Well, all it takes is lots of breadcrumbs and a modest amount of olive oil and grated cheese to turn a bunch of fresh veggies into a totally comfort food creation.

Let’s see…one smallish zucchini, 2 medium tomatoes, about 1/2 medium green pepper, 1 medium onion, 4-5 large mushrooms, and, I also had about 1-2 cups of uncooked broccoli florets leftover in the fridge. Preheat oven to around 350, chop the veggies into one inch or so chunks or slices (a bit smaller for the onion) mix up and put in a casserole dish and drizzle/mix with a few tablespoons of olive oil. Sprinkle with some dried parsley (or whatever you like.) Bake uncovered for around 20-25 minutes until the squash is tender. Mix in a few more tablespoons of olive oil, maybe a cup or more of coarse bread crumbs * and 1/2 cup or so grated cheese (I used cheddar) and then top with more bread crumbs and more grated cheese. Bake for around 10 more minutes or until it looks like you want it to look. You can hold it in a warm oven for a while, too, if your spouse suddenly decides that there are a few more things that HAVE to be done to the sailboat in the backyard before dinner. Don’t ask….

Now, no excuses for the plethora of zucchini and tomatoes in the New England summer! And what a comfort food… for me and my husband, anyway. 🙂 You can vary this by using different combinations of veggies, adding rice or potatoes, and trying different seasonings.
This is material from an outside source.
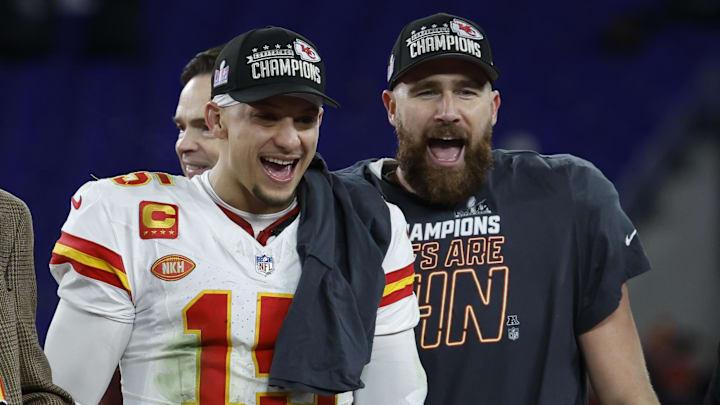 Kansas City Chiefs quarterback Patrick Mahomes (15) and Chiefs tight end Travis Kelce (R) celebrate on the stage prior to the trophy presentation after their' game against the Baltimore Ravens in the AFC Championship football game at M&T Bank Stadium.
Perhaps a touch of vinegar for an Italian essence – or add rice or taters and create a baked curry dish. Um, I don’t think I’d use mushrooms if I went with the curry flavor… hmmm….

I also pressure cooked some chicken leg/thigh pieces in 2 cups of water and a slight tablespoon of dried oregano. 8 minutes high, 4 minutes natural release, then did the quick release under cold water, opened the cooker, then shut it again to keep it hot until we were ready to eat. I am saving the liquid since it is basically oregano seasoned chicken broth or stock.

I usually serve pressure cooked chicken with butternut squash, but that’s more for fall and winter.

Anyway, the casserole was really tasty.

Oh, I never blogged my first time making homemade minestrone soup this past weekend! Got the basic recipe from the Cook’s Illustrated site (one of my few subscriptions) and went from there. I made a bunch of veggie stock and some chicken stock that day, too. Nothing like a four day weekend to give you time to spend a whole day cooking! I need more four day weekends…

* – the bread crumbs. I actually save ends of bread in a brown paper bag and make my own. For fine, a food processor works pretty well. But, if you want bigger crumbs, just select the dried bread you want (I used all whole wheat for this recipe) from your paper bag, put them in a plastic bag (even the ones they give you for produce work fine – you don’t have to ruin a zip lock for this) and pound with the bottom of a glass (make sure you pick a glass with a totally flat bottom – some indent in the middle of the bottom) until you get the desired consistency. I wanted some big chunks, this time.